Se a sequência de temas do “1755” mostrou um casamento perfeito entre as duas sonoridades em contraste em cima do palco — e onde os coros mais se salientaram também — foi o que se seguiu que inspiraria mais curiosidade. “Vai haver coisas que as pessoas não vão estar à espera, até músicas que nós colocámos no alinhamento que se calhar não são muito expectáveis. Claro que vão ficar coisas de fora, mas tentámos um pouco aproximar-nos mais da raiz, da influência de música clássica de que gostamos, pelo menos enquanto ouvintes”, avisou-nos Fernando Ribeiro antes do concerto.
Dessa forma, temas com habitual lugar garantido das setlists — “Opium”, “Night Eternal” e “Mephisto”, por exemplo — foram substituídos por algumas surpresas, como “Proliferation”, música instrumental aqui readaptada para orquestra, com direito a um freak-out dos sopros e a uma sequência retumbante em pedal duplo a lembrar os mestres russos antes mencionados pelo vocalista.
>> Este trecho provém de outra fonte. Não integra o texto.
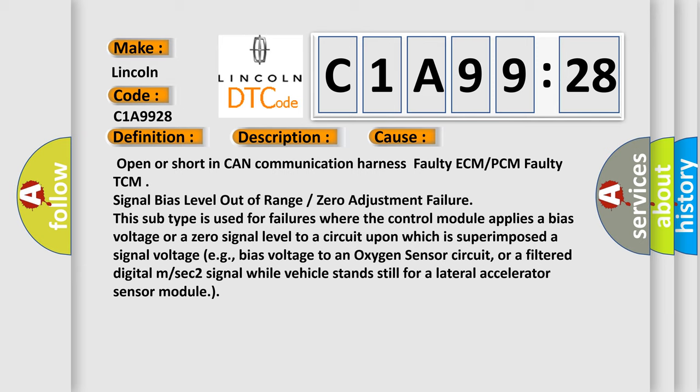Signal bias level out of range or zero adjustment failure. This subtype is used for failures where the control module applies a bias voltage or a zero signal level to a circuit upon which is superimposed a signal voltage, e.g., bias voltage to an oxygen sensor circuit, or a filtered digital M or SEC 2 signal while vehicle stands still for a lateral accelerator sensor module.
“Preparados para uma noite muito especial under the spell?”, perguntou Fernando Ribeiro antes de avançar para o combo “Breathe (Until We Are No More)” e “Extinct”, temas também eles já compostos com orquestra — mas que, diga-se, não pareceram ser das escolhas mais inspiradas para esta noite, em particular a segunda. Já “Finisterra”, habitual estrondo, pareceu ainda mais apocalíptica e alucinante com síncopes sinfónicas, ao passo que “Scorpion Flower” e “Everything Invaded”, de teor mais gótico, também beneficiaram do casamento entre melancolia e agressividade.
A reta final do concerto, contudo, representaria a sublimação da noite, quando os Moonspell foram até meados dos anos 90. Primeiro, “Vampiria”, com todo o seu excesso, subiu a patamares ainda mais lúgubres com a orquestração, entre devaneios belalugosianos e passagens vorazes de fome transilvânica, enquanto se acendiam canteiros de fogo. Já “Alma Mater”, hino absoluto da banda, viu as cores de Portugal brilhar em palco enquanto Fernando Ribeiro empunhava uma bandeira nacional. “Virando costas ao mundo // Orgulhosamente sós // Glória antiga // Volta a nós” é uma letra que pode ter envelhecido mal perante o atual panorama político, mas nem as conhecidas simpatias políticas do seu vocalista dão azo a grandes dúvidas, nem esta era a noite para tal reflexão. O que ficou foi a simbiose entre black metal de pendor folclórico e sinfonia que, lá está, trouxe à memória as sonoridades dos Dimmu Borgir antes assinaladas.
Sob uivos de toda a plateia, “Full Moon Madness” veio mesmo mostrar que a lua ainda não perdeu qualquer poder encantatório do seu feitiço, e o que se sucedeu foi talvez a melhor versão jamais tocada deste tema. Com geisers de faíscas apenas rivalizados na intensidade pela forma selvática como Fernando Ribeiro foi atacar os pratos da bateria, terminou uma noite especial, monumento ao trabalho de uma das maiores bandas do país. Afinal, Fernando, havia razões para ficar ansioso.